Michigan‘s wide receivers: For the third time in the last three years, Michigan is on the verge of winning a Big Ten title and qualifying for the College Football Playoff despite an underwhelming receiving corps that must raise its level of play in the postseason. McCarthy and Edwards combined to throw for 182 yards and one touchdown in Saturday’s win over Ohio State, but Loveland and fellow tight end AJ Barner were responsible for more than 62% of the yardage against the No. 1 pass defense in the country (147.4 yards per game). The mismatches Michigan created for its tight ends against Ohio State’s linebackers and safeties overshadowed another pedestrian performance from the wideouts on a massive stage.
Consider the production from Michigan’s receivers: Roman Wilson caught three passes for 36 yards and a score. Cornelius Johnson caught four passes for 33 yards with just a single yard after the catch. The only other wideout to snare a pass was true freshman Semaj Morgan, whose single reception lost 5 yards on a screen that was blown up by the Buckeyes. The longest gain from McCarthy to a wide receiver was the 22-yard touchdown pass to Wilson courtesy of a threaded throw against double coverage. Any semblance of a vertical passing attack was nonexistent on an afternoon when McCarthy finished 0-for-2 on passes traveling at least 20 yards downfield. In total, 16 of his 20 passes were thrown to targets within 10 yards of the line of scrimmage, according to Pro Football Focus. It’s something to watch as the Wolverines continue their push for a national title.
Tommy Eichenberg, inside linebacker, Ohio State: After his team disposed of Minnesota in Week 12, Day told reporters that Eichenberg, who had missed several games with an arm injury, would finally return to the field against Michigan. Eichenberg had been desperate to face the Gophers on Senior Day two weeks ago, Day said, and joked that their conversation about resting him until The Game nearly devolved into a fistfight. That’s how badly Eichenberg, who was a second-team All-America selection last season, wanted to play regardless of the potential long-term consequences.

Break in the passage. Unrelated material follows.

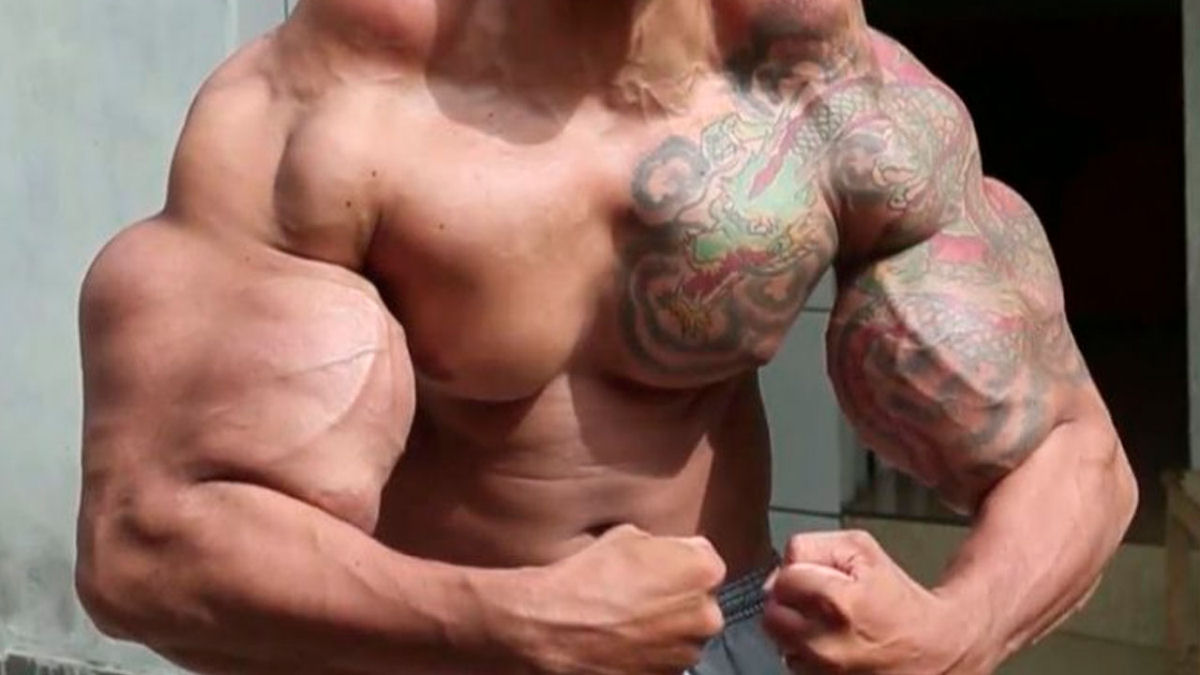 Por que alguns 'fisiculturistas' continuam usando Synthol, apesar do risco que representa?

As promised, Eichenberg was back in the starting lineup against Michigan, albeit with a clunky brace on his injured arm. But rather than punctuating his fifth and final season with an emphatic win over an arch rival, Eichenberg turned in arguably his worst performance of the year on an afternoon when the Wolverines exploited his lack of speed and poor coverage skills time and time again.
Though Eichenberg’s final tally of seven tackles was tied with safety Sonny Styles for second on the team, the underlying numbers from his performance told a far different story. Saturday marked just the second time this season that Eichenberg was charged with multiple missed tackles in a single game, according to Pro Football Focus, and his whiff on Loveland after a short pass over the middle led to a lengthy gain that set up a Michigan field goal in the third quarter. The Wolverines completed all three passes they attempted with Eichenberg as the primary defender and turned those receptions into 55 yards, which accounted for more than one-third of McCarthy’s passing yardage. Eichenberg’s overall defensive grade of 47.7 on Pro Football Focus was his worst of the season and his lowest against a Power 5 opponent since 2021.